Réformer les banques universelles pour protéger les déposants et  l’économie

 

Les pays anglo-saxons ont attaqué  de front le problème des risques excessifs que font courir aux déposants les grandes banques « universelles »  c’est-à-dire les banques qui combinent l’activité de banques commerciale (dépôts et crédits) et l’activité d’Investment Bank (prise de risques de spéculation et de marché). Au Canada et en Australie, les banques sont étroitement régulées depuis des années ; les Etats-Unis sont en train de mettre en place la « Volcker Rule » qui interdira aux banques les activités de spéculation pour compte propre ; l’Angleterre, qui a connu avec ses grandes  banques des problèmes similaires aux nôtres, a décidé après longue réflexion d’imposer séparation entre les activités de banque commerciale  et d’Investment Bank.
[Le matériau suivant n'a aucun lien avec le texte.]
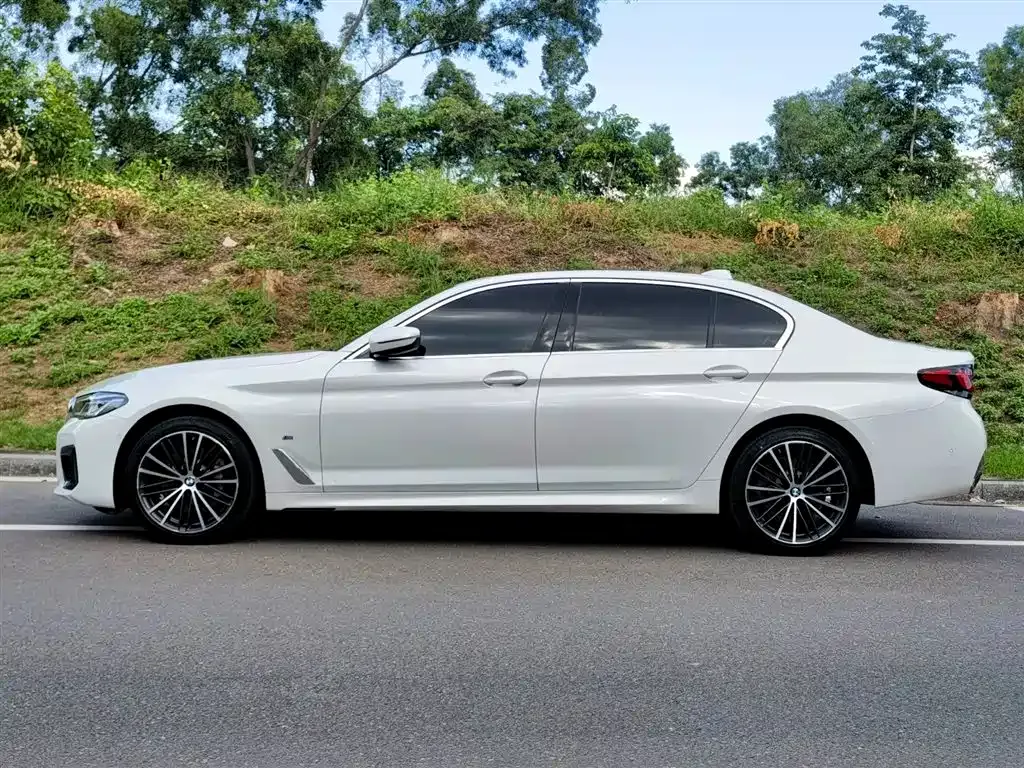 BMW 5 Series 2022 из CN, фото 4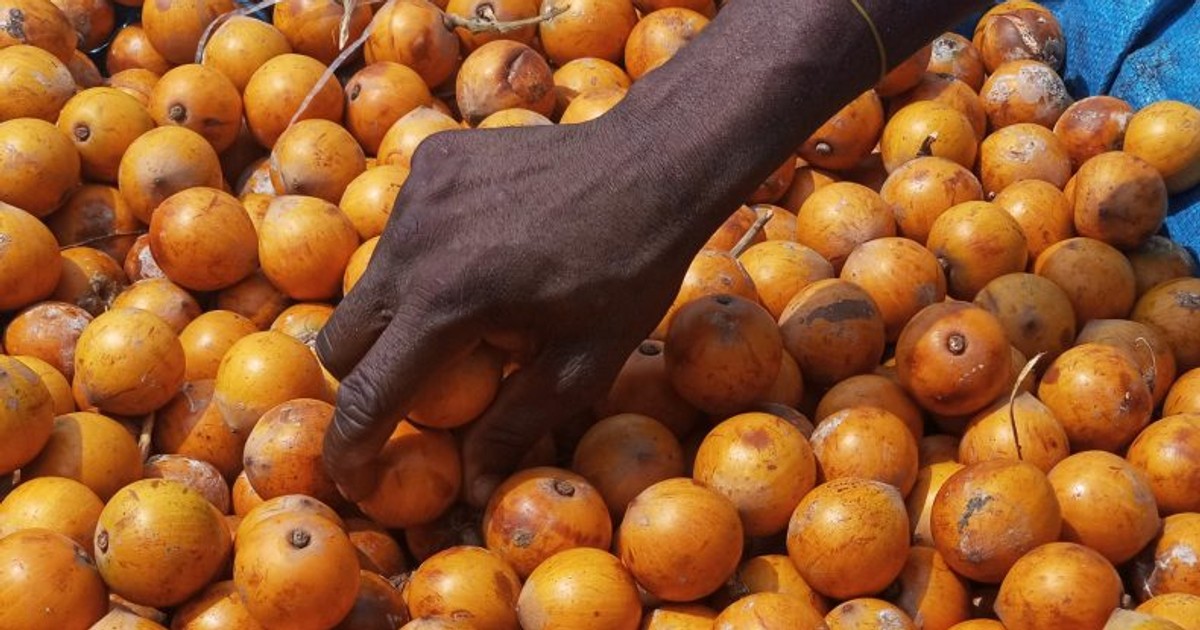 5 Interesting Health Benefits Of Agbalumo African Star Apple Pulse Nigeria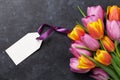 Fresh colorful tulip flowers Royalty Free Stock Photo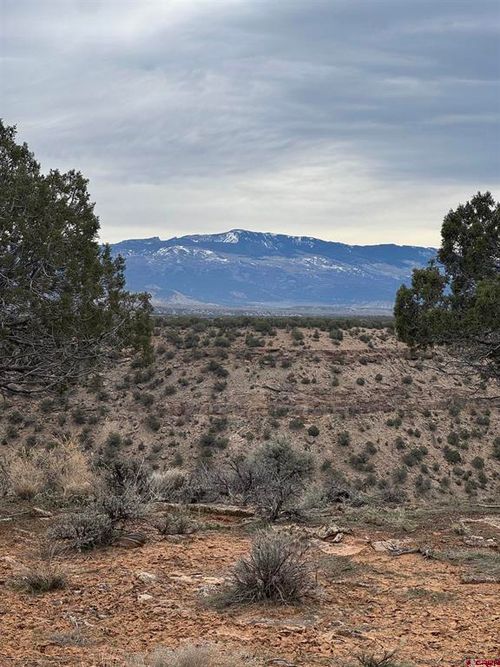 18858 Rocky Road Trl, Montrose, CO, 81403-8425 | Card Image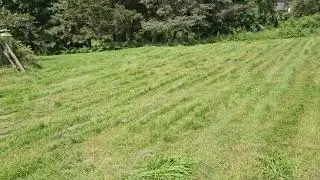 Yarbo Single Cut vs Double Cut of Long Grass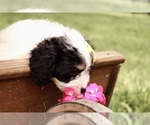 Small #5 Cavapoo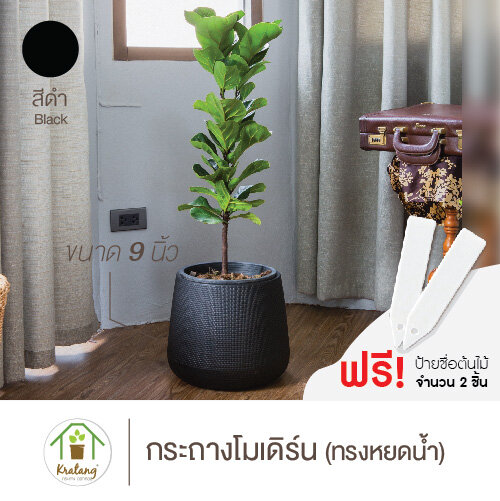 กระถางโมเดิร์น สีดำ ขนาดปาก 9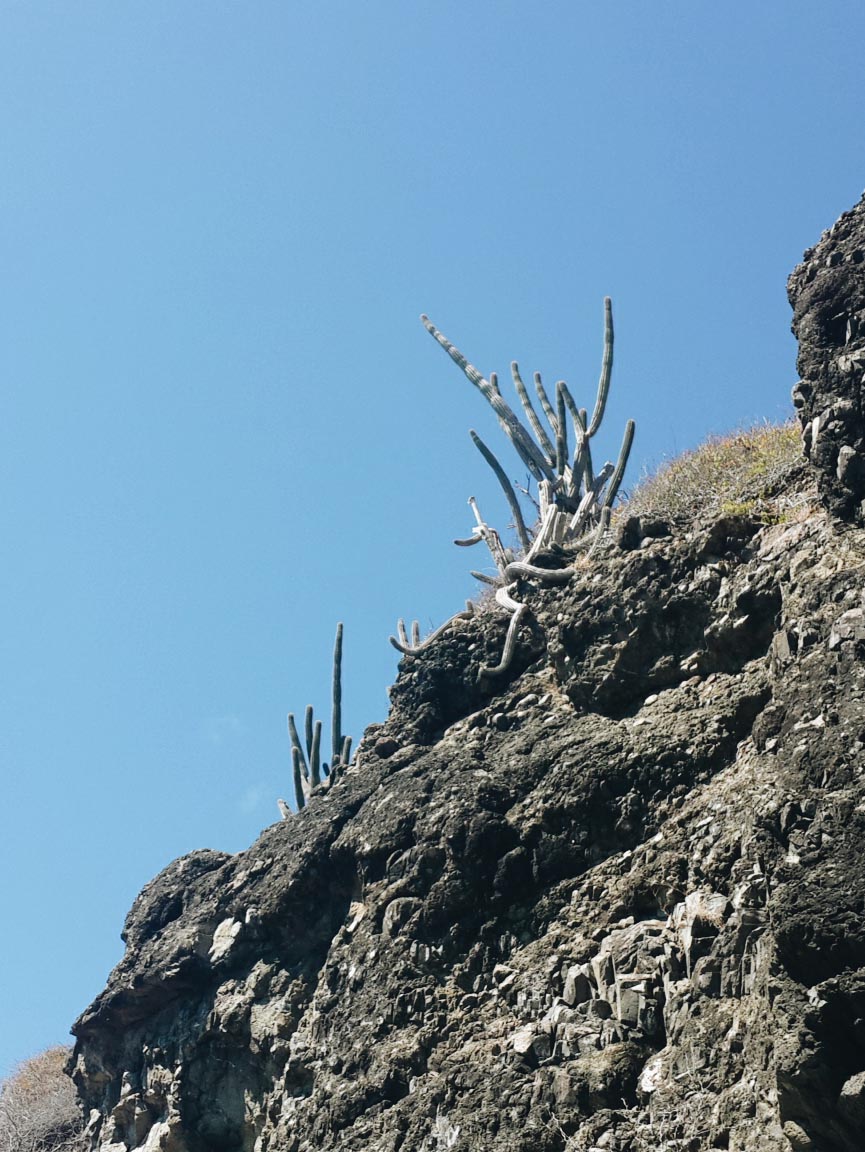 Playa Punta de Soldado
Une banque anglaise devra soit arrêter la prise de risques de marché, soit  organiser son activité de banque commerciale en filiale séparée qui devra être « clôturée » (« ringfenced »), isolée de l’Investment Bank et ne pourra lui prêter qu’un montant limité. Un peu comme si au sein de Dexia, Dexia Banque Belgique avait  eu interdiction expresse de prêter plus de quelques millards à Dexia S.A. et Dexia France (l’entité la plus spéculative du groupe), au lieu des 50 à 60 millards d’euros qu’elle avait effectivement prèté, au mépris d’ailleurs des principes de bonne gestion.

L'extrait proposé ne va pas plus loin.